What is needed:
Each line from the opening of the material through the line holding "Hey, everyone. Something" needs to be returned exactly, with the pictures left out.

....

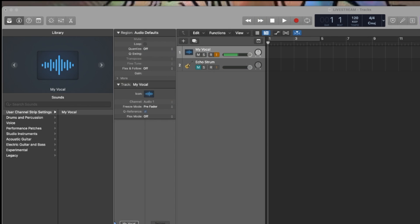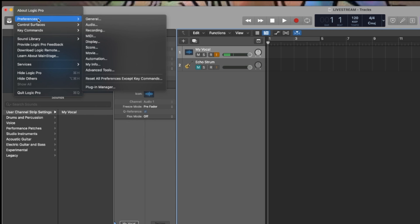I found an option in Logic Pro X which is super simple. I'm going to show it to you right now, and it worked and it fixed my problem. Alright, so all it is is you're going to go to Preferences, Audio.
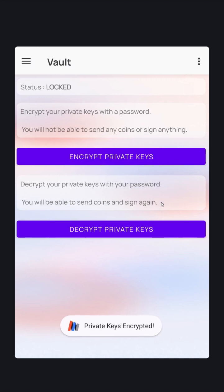Now the node is locked. You have successfully stored your seed phrase and encrypted the seed phrase with a strong password. Your node is now secure.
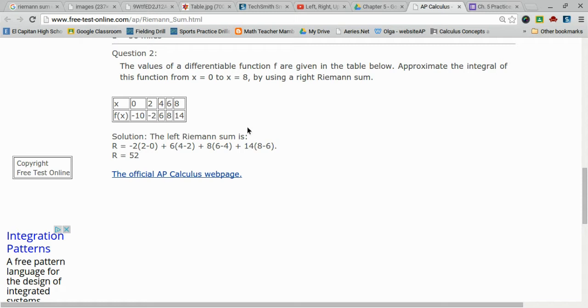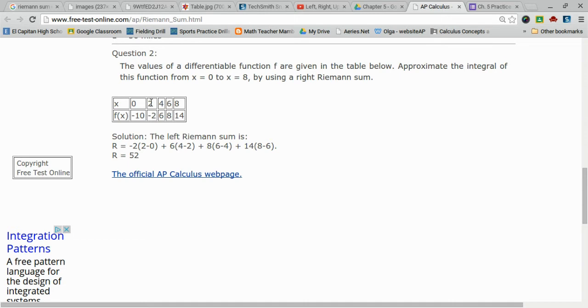So for this problem, I am using my right endpoint, which is negative 2. And that meant that I went from 2, which is my B, to 0, which is my A.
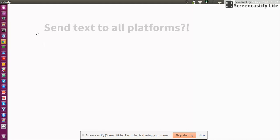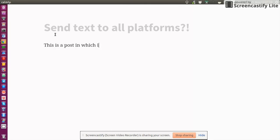Ideally I would just have one writing environment. It can be as simple as just a window like this. This is just an editor window. Let's say I would write a post. This is a post in which I share my thoughts.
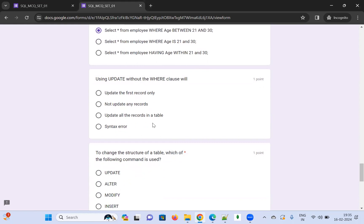What does UPDATE without a WHERE clause do? Without a WHERE clause, the UPDATE statement will update all records in the table regardless of any condition. In real-time use, always include a WHERE clause unless there's a specific requirement to update every record. The correct answer is: it updates all records in the table.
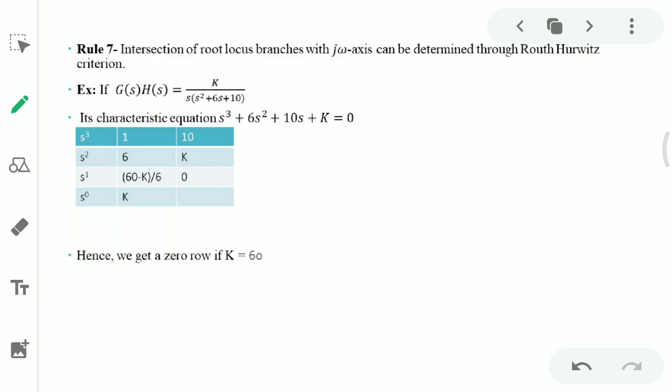Rule seven: finding the intersection of the root locus with the imaginary axis. We use the Routh-Hurwitz criterion — when all elements of the s¹ row are zero, we have purely imaginary poles. We set the s¹ row equal to zero, find the corresponding value of k, then form the auxiliary equation and solve it to obtain the imaginary axis crossing frequency.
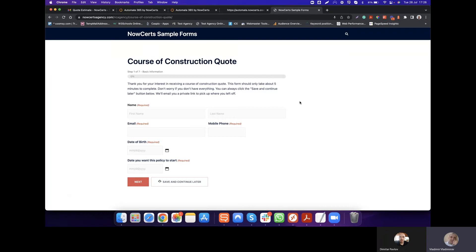Hey, everyone. Something very exciting we wanted to show you today. I'm Vladimir with NowSerts slash Automate, and I have Dimitr here with me. Really quick, I wanted to go over something we have seen in many of our insurance agencies that are using forms to capture leads, to capture any kind of information. Here's one typical form that we see quite often. Dimitr, what do you think? What are some of the things that strike you as not quite right with this form?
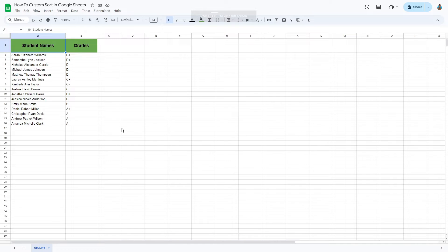Welcome to this tutorial video! Today, we will custom sort a specific range of data. Let's get right into it!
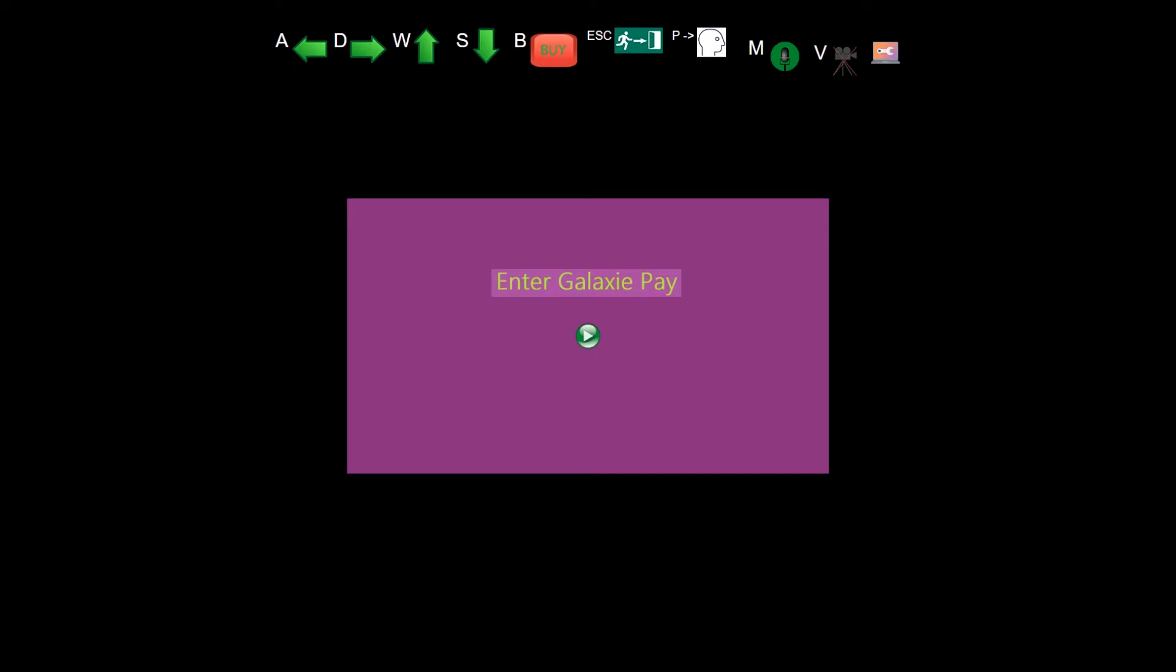Welcome to Galaxy Pay. Galaxy Pay is a virtual world where you can explore Space Perspective and its innovative new technology that will open up space flight to us all.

....

Solution to the exercise:
I found an option in Logic Pro X which is super simple. I'm going to show it to you right now, and it worked and it fixed my problem. Alright, so all it is is you're going to go to Preferences, Audio.
Now the node is locked. You have successfully stored your seed phrase and encrypted the seed phrase with a strong password. Your node is now secure.
So for this problem, I am using my right endpoint, which is negative 2. And that meant that I went from 2, which is my B, to 0, which is my A.
Ideally I would just have one writing environment. It can be as simple as just a window like this. This is just an editor window. Let's say I would write a post. This is a post in which I share my thoughts.
What does UPDATE without a WHERE clause do? Without a WHERE clause, the UPDATE statement will update all records in the table regardless of any condition. In real-time use, always include a WHERE clause unless there's a specific requirement to update every record. The correct answer is: it updates all records in the table.
Rule seven: finding the intersection of the root locus with the imaginary axis. We use the Routh-Hurwitz criterion — when all elements of the s¹ row are zero, we have purely imaginary poles. We set the s¹ row equal to zero, find the corresponding value of k, then form the auxiliary equation and solve it to obtain the imaginary axis crossing frequency.
Hey, everyone. Something very exciting we wanted to show you today. I'm Vladimir with NowSerts slash Automate, and I have Dimitr here with me. Really quick, I wanted to go over something we have seen in many of our insurance agencies that are using forms to capture leads, to capture any kind of information. Here's one typical form that we see quite often. Dimitr, what do you think? What are some of the things that strike you as not quite right with this form?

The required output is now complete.